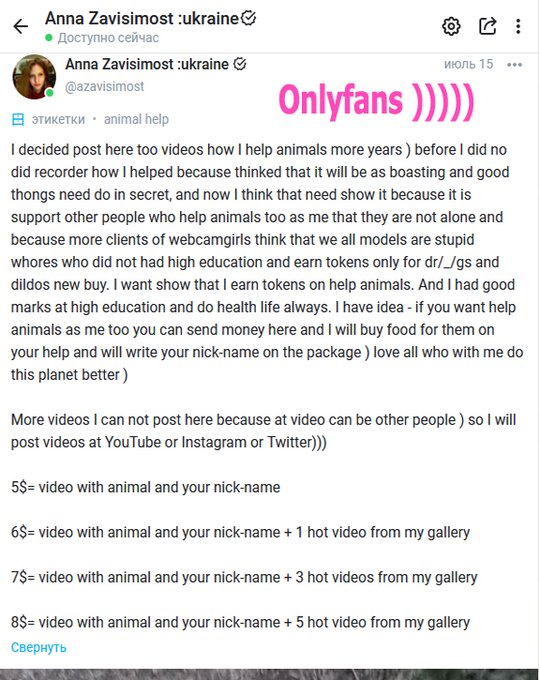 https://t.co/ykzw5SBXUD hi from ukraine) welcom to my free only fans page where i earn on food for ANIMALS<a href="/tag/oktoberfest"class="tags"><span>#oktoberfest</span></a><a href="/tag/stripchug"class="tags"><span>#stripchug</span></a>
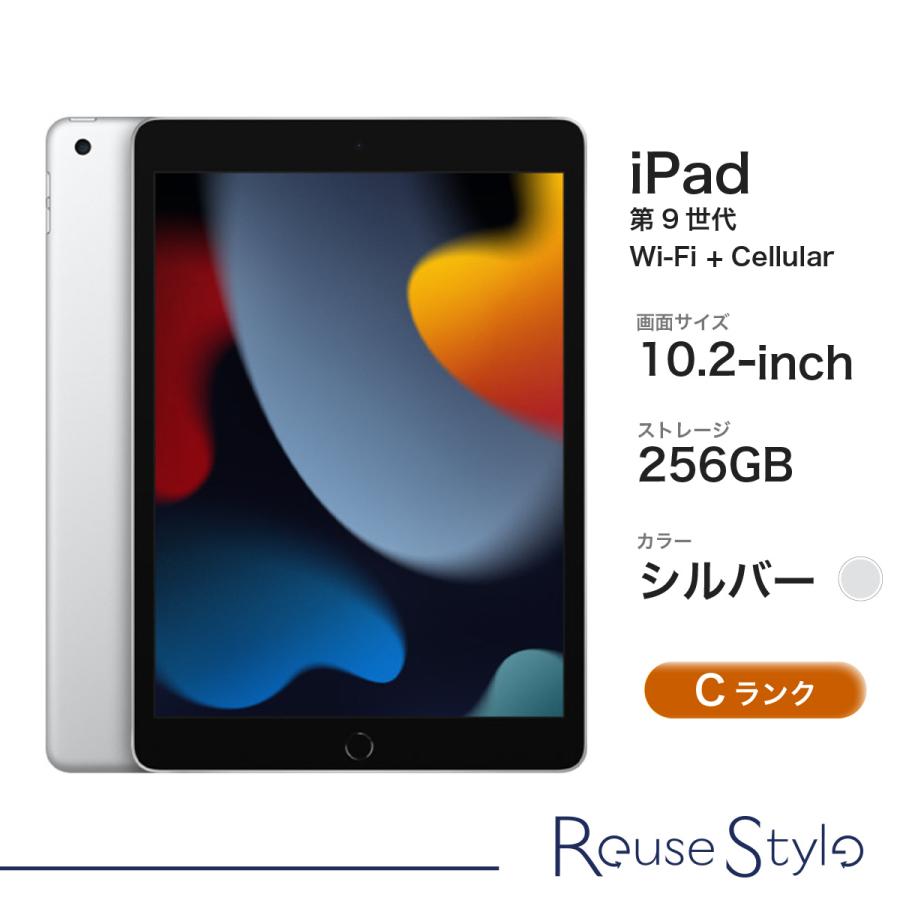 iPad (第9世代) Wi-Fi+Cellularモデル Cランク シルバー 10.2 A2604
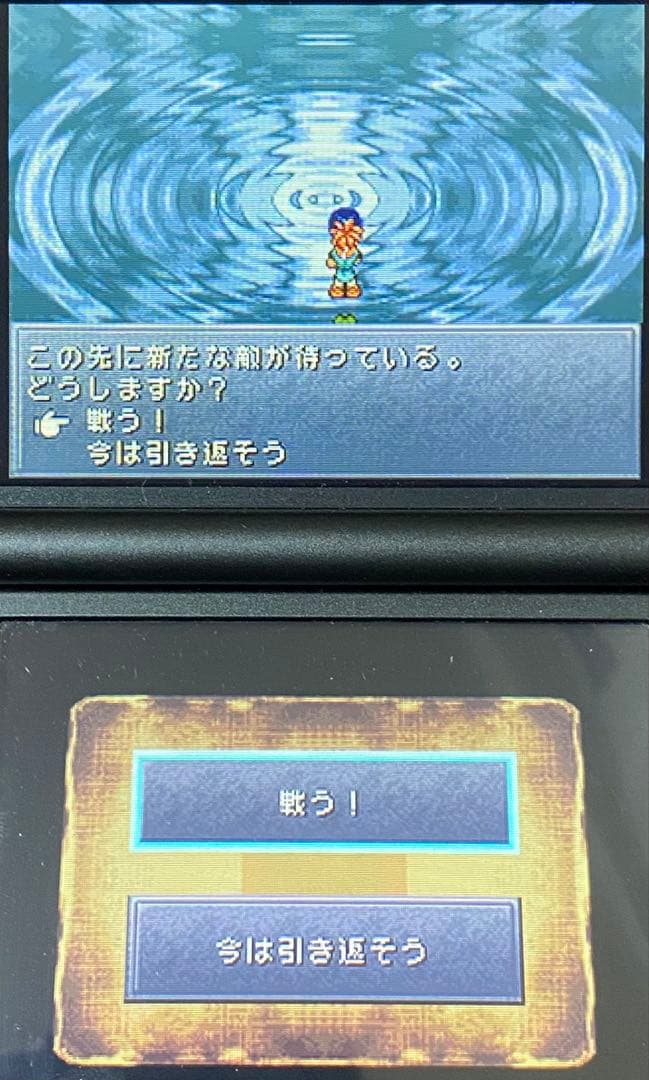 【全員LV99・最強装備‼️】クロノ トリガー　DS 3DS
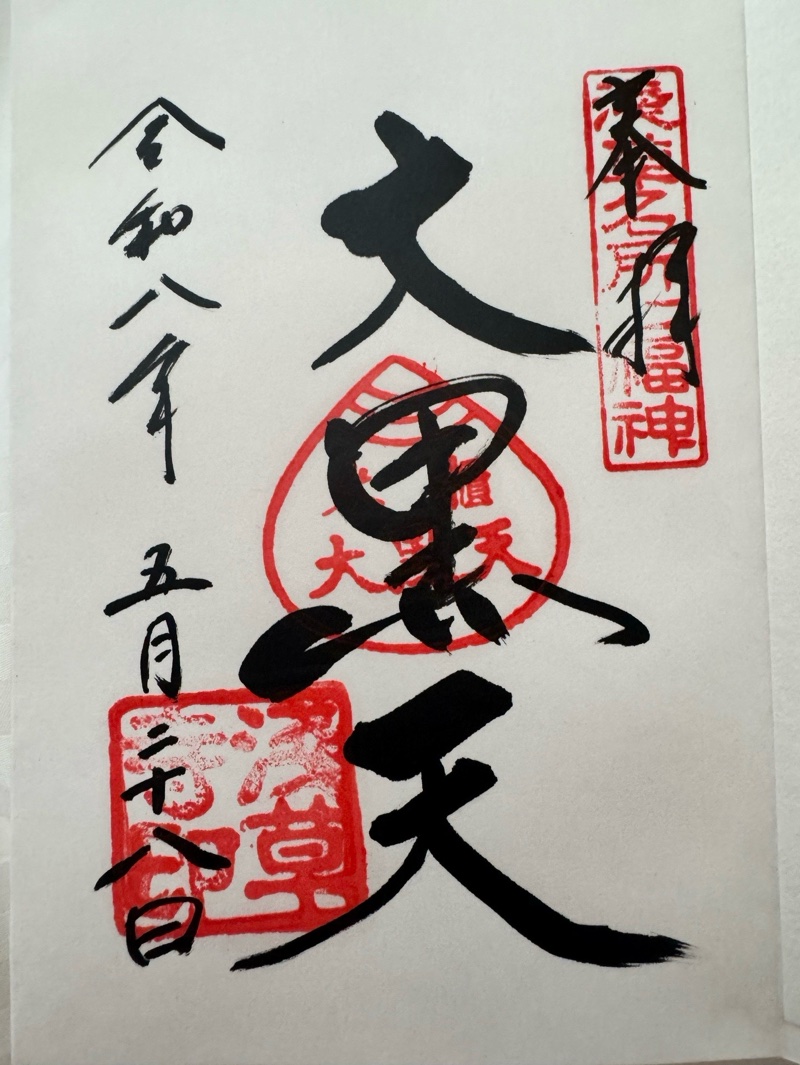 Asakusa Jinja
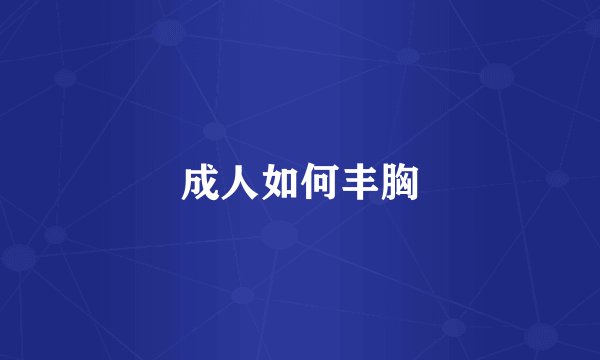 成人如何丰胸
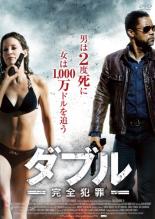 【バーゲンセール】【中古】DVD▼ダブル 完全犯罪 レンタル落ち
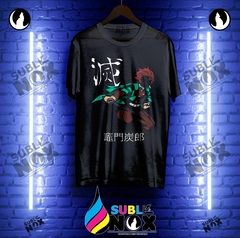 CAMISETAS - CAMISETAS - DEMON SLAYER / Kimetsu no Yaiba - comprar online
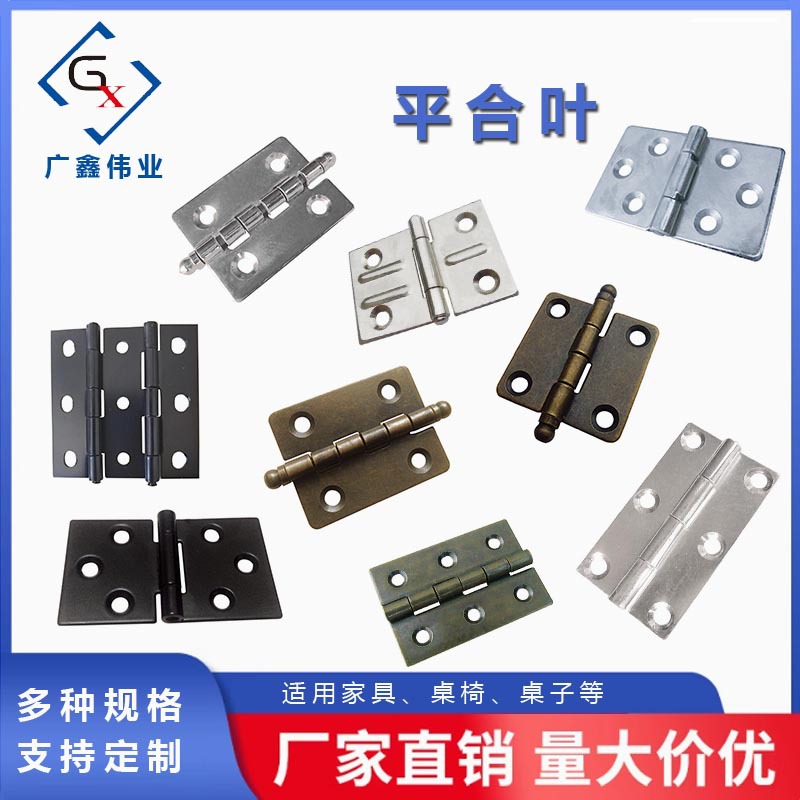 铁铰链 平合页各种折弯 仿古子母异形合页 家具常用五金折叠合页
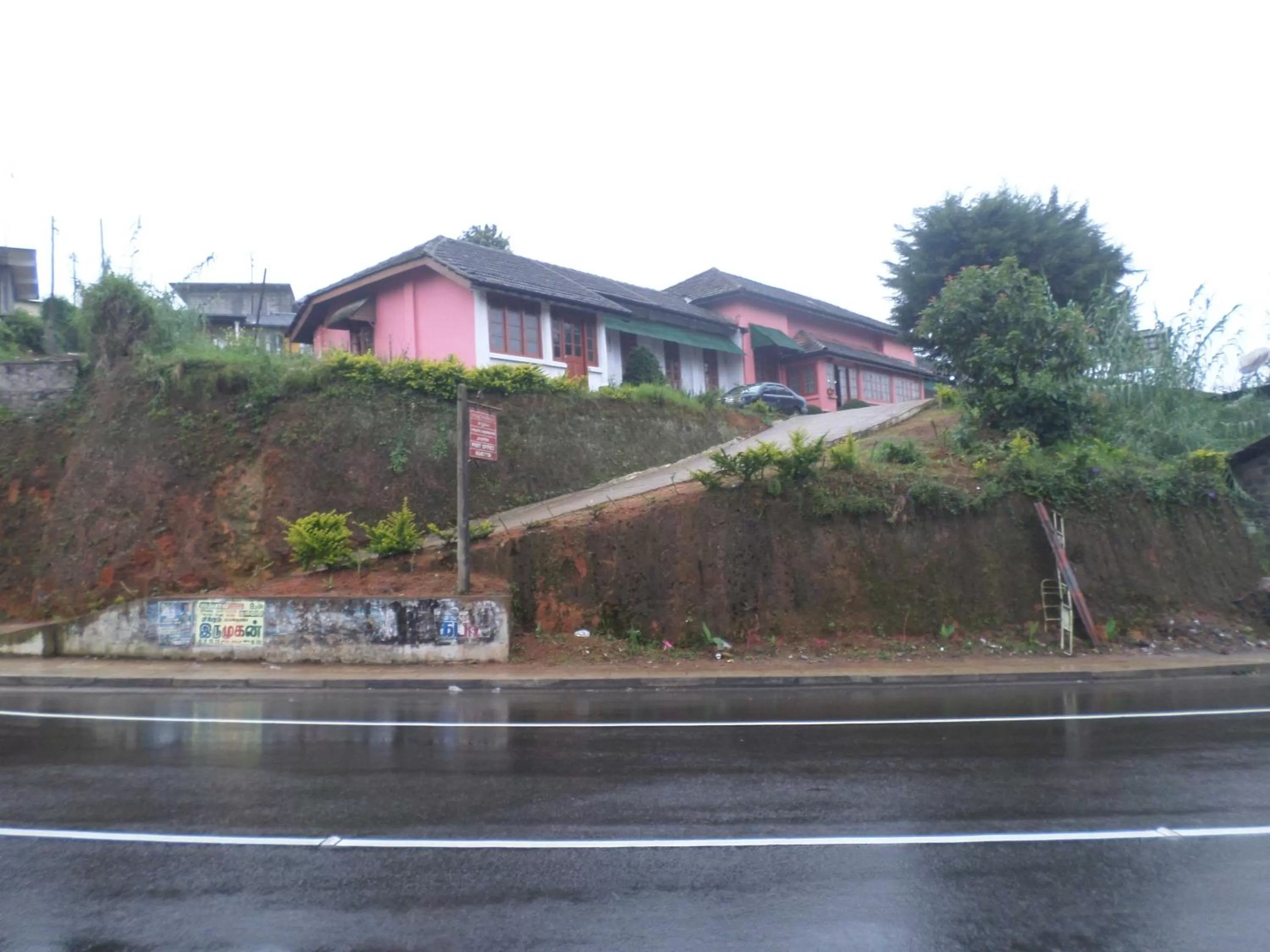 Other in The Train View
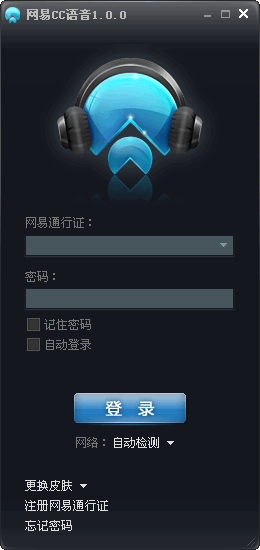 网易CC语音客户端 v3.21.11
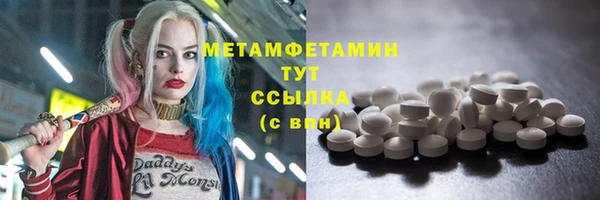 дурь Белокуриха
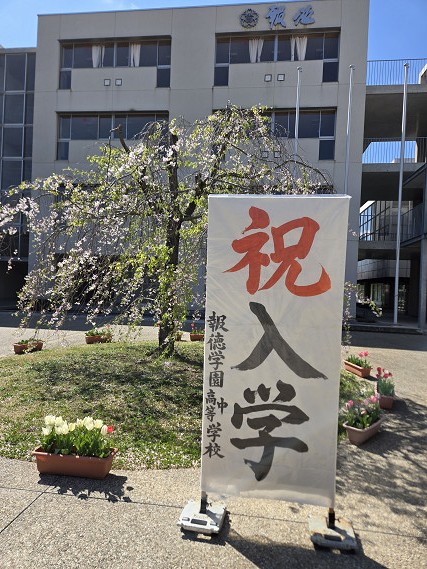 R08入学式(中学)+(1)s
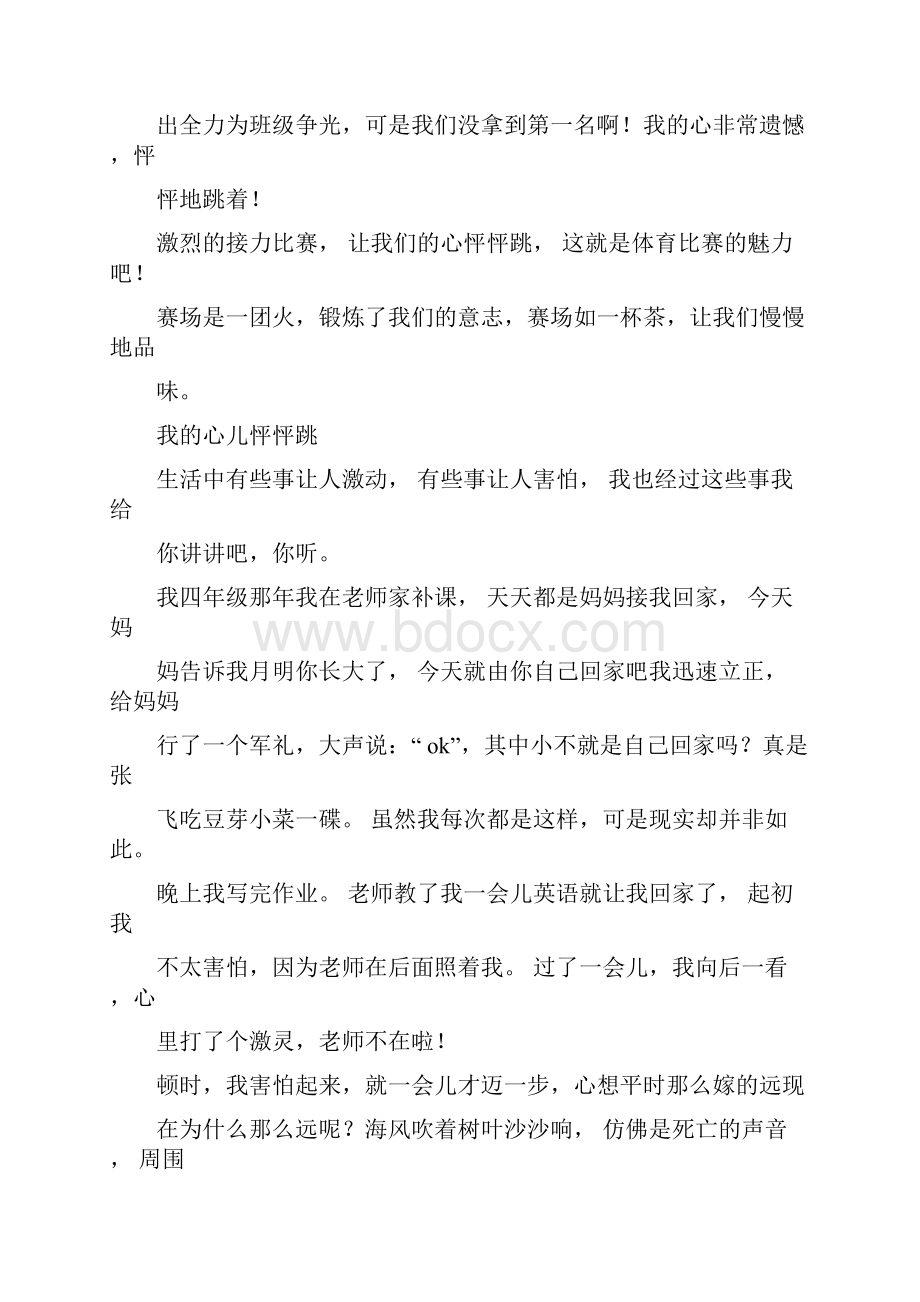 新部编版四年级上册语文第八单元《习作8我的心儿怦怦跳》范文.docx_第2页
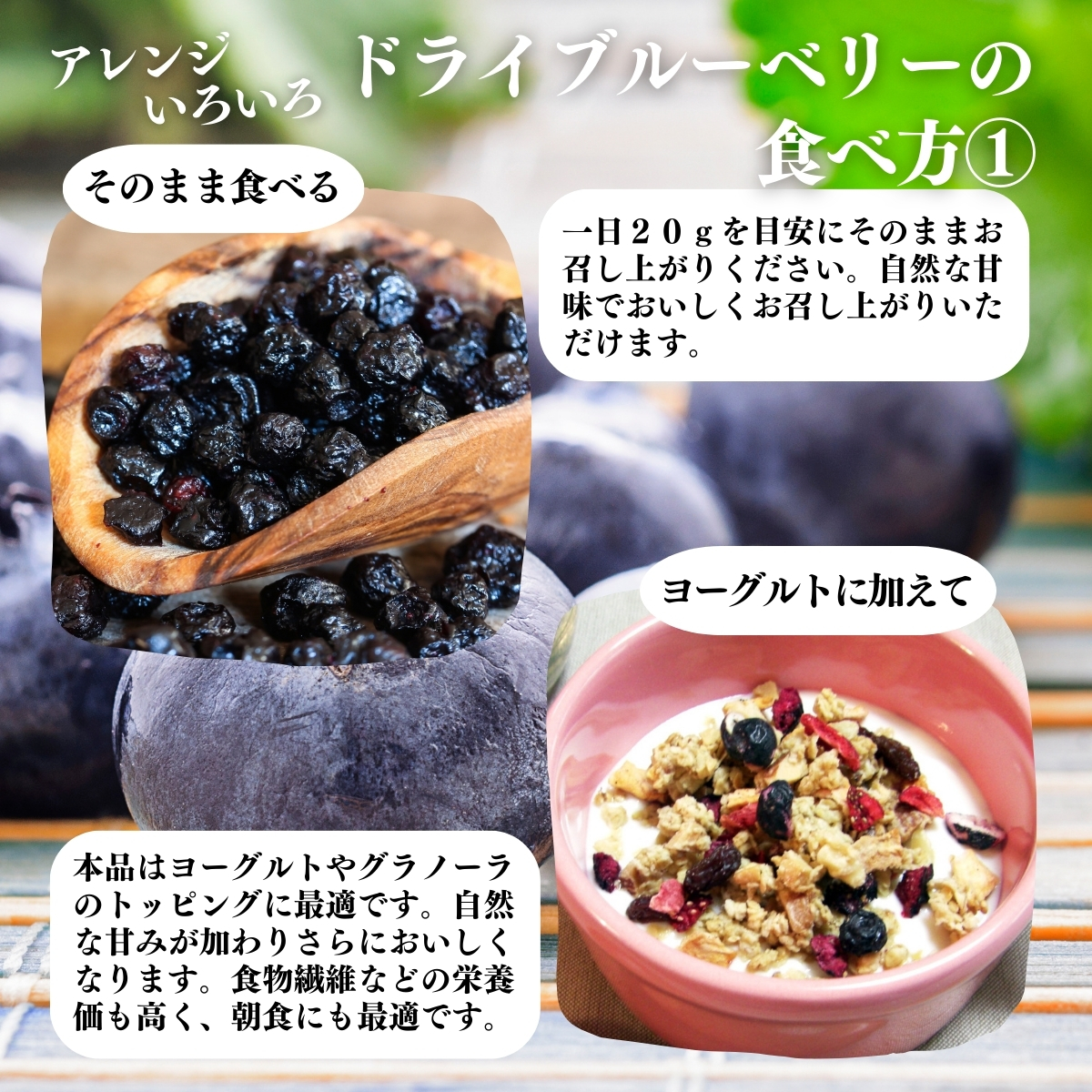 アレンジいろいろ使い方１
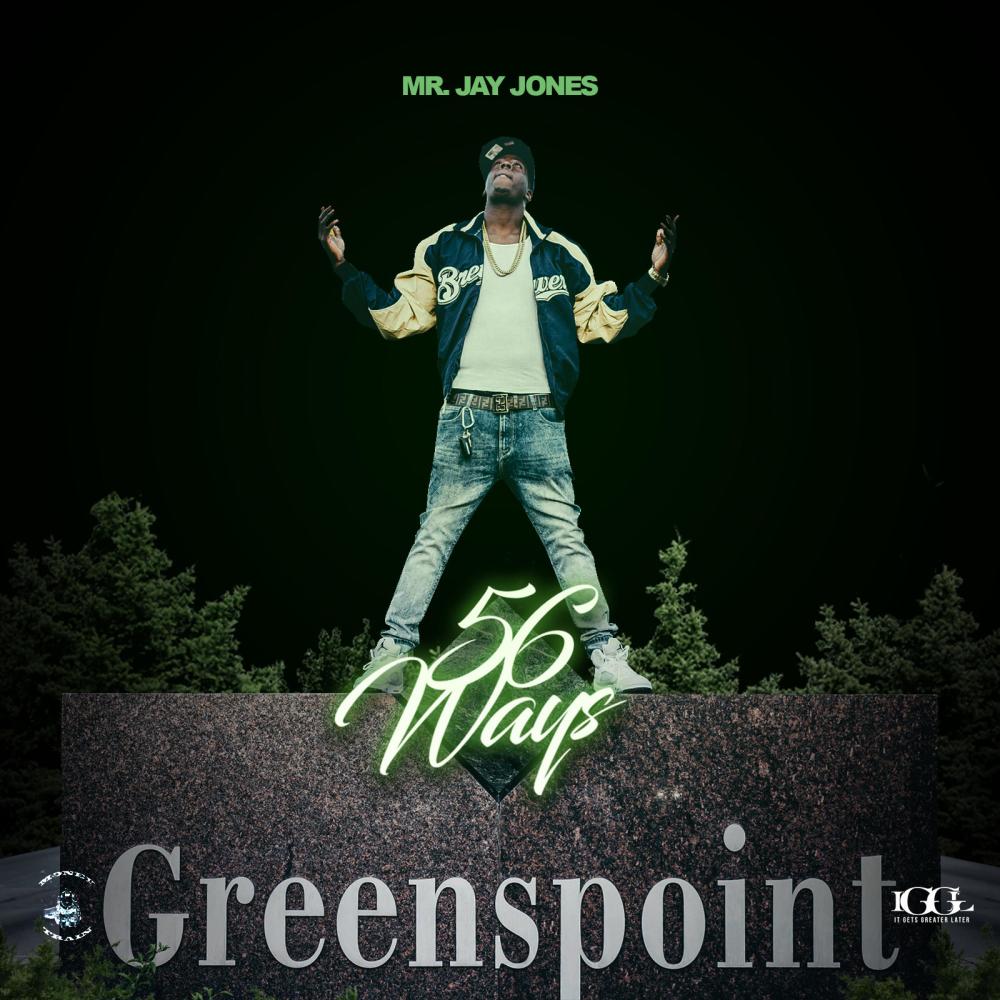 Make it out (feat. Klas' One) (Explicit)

◇ ◇ ◇ ◇

Problem details
Only the lines from the one containing "铁铰链 平合页各种折弯 仿古子母异形合页 家具常用五金折叠合页" through the final line of the data are to be written out, exactly as they stand and without pictures.

Output of the task
 铁铰链 平合页各种折弯 仿古子母异形合页 家具常用五金折叠合页
 Other in The Train View
 网易CC语音客户端 v3.21.11
 дурь Белокуриха
 R08入学式(中学)+(1)s
 新部编版四年级上册语文第八单元《习作8我的心儿怦怦跳》范文.docx_第2页
 アレンジいろいろ使い方１
 Make it out (feat. Klas' One) (Explicit)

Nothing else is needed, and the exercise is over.